Exercise goal →
Whether an entry is long or short, retype it exactly.

── Data

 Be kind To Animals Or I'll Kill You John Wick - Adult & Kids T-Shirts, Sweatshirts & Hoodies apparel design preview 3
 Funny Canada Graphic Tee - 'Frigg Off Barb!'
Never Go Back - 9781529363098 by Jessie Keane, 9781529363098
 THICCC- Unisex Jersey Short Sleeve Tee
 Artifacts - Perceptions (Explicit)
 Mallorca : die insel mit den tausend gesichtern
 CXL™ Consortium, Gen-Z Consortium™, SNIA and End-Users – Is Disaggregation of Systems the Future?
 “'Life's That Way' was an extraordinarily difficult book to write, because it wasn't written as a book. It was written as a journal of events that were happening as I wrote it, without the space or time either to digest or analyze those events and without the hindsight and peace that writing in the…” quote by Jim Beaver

────

Written answer →
 Be kind To Animals Or I'll Kill You John Wick - Adult & Kids T-Shirts, Sweatshirts & Hoodies apparel design preview 3
 Funny Canada Graphic Tee - 'Frigg Off Barb!'
Never Go Back - 9781529363098 by Jessie Keane, 9781529363098
 THICCC- Unisex Jersey Short Sleeve Tee
 Artifacts - Perceptions (Explicit)
 Mallorca : die insel mit den tausend gesichtern
 CXL™ Consortium, Gen-Z Consortium™, SNIA and End-Users – Is Disaggregation of Systems the Future?
 “'Life's That Way' was an extraordinarily difficult book to write, because it wasn't written as a book. It was written as a journal of events that were happening as I wrote it, without the space or time either to digest or analyze those events and without the hindsight and peace that writing in the…” quote by Jim Beaver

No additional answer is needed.